> [Exercise aim] Write out the data below exactly as given, without any of its pictures.

**** Input data

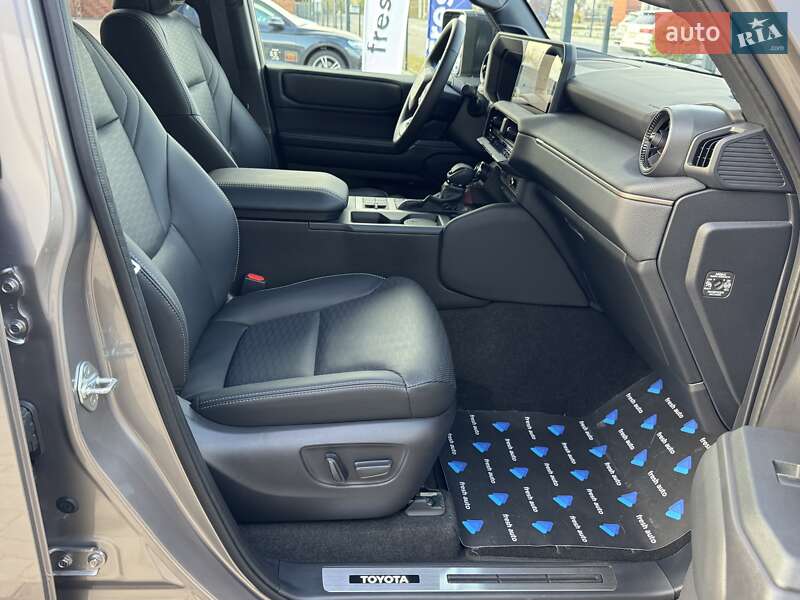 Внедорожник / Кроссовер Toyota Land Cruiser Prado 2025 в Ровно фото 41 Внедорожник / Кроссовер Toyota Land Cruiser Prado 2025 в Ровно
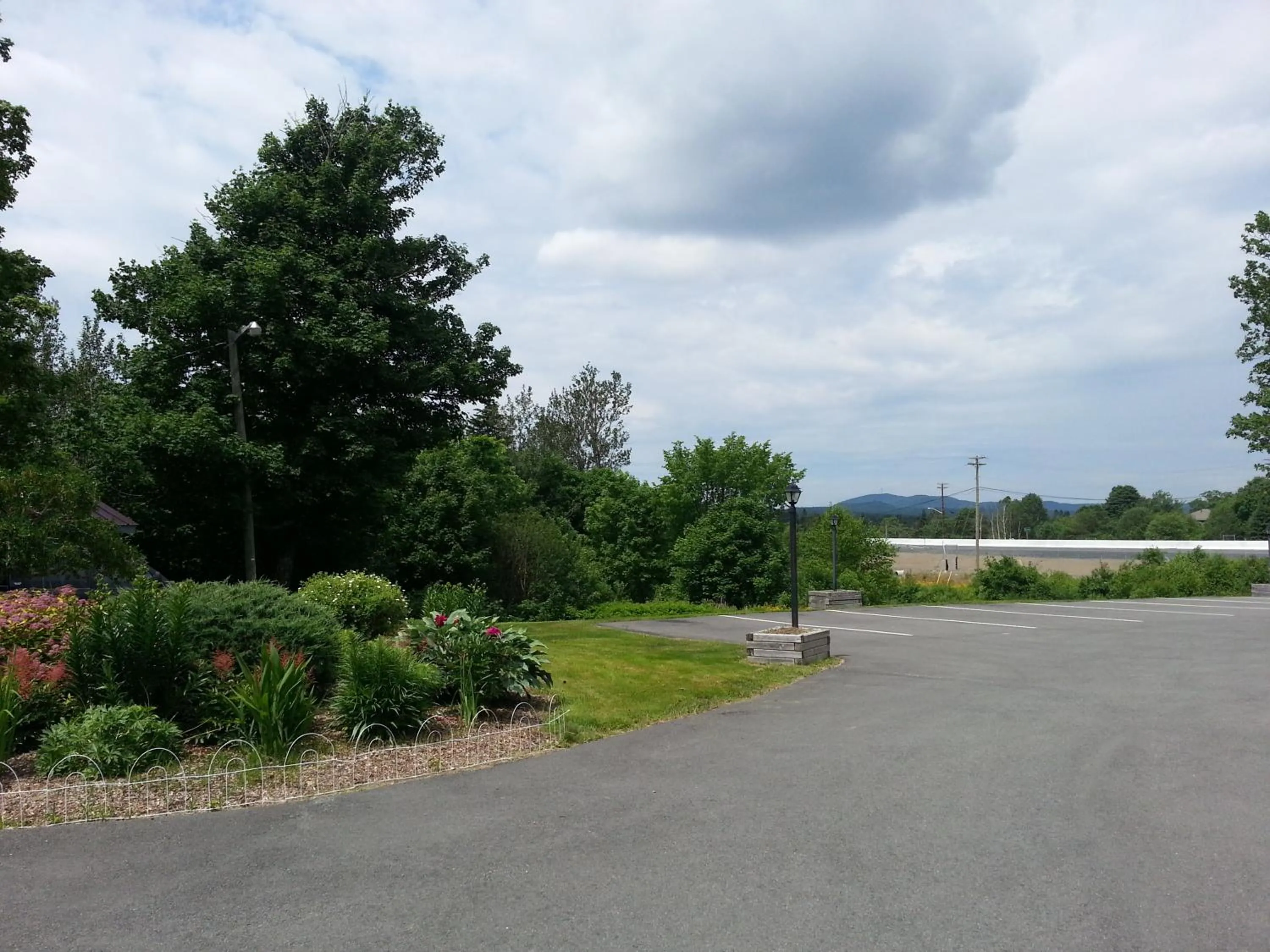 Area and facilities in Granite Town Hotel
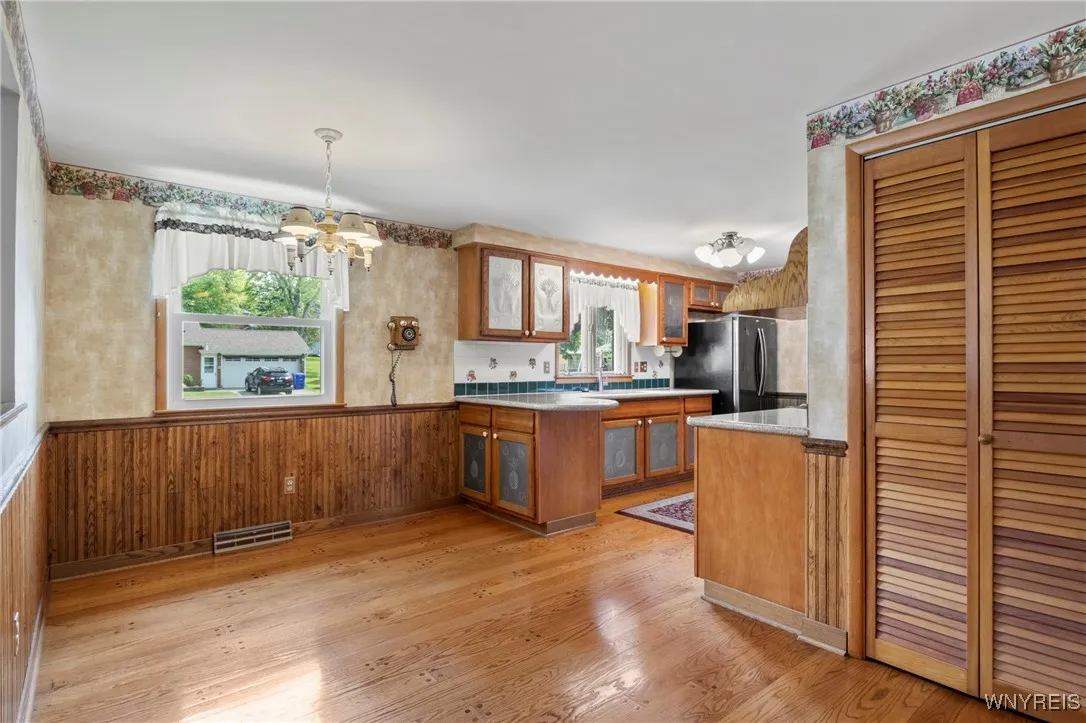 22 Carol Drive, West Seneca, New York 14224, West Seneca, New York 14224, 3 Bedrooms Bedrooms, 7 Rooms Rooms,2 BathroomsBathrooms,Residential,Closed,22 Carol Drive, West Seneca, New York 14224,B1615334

********

> [Answer area]
 Внедорожник / Кроссовер Toyota Land Cruiser Prado 2025 в Ровно фото 41 Внедорожник / Кроссовер Toyota Land Cruiser Prado 2025 в Ровно
 Area and facilities in Granite Town Hotel
 22 Carol Drive, West Seneca, New York 14224, West Seneca, New York 14224, 3 Bedrooms Bedrooms, 7 Rooms Rooms,2 BathroomsBathrooms,Residential,Closed,22 Carol Drive, West Seneca, New York 14224,B1615334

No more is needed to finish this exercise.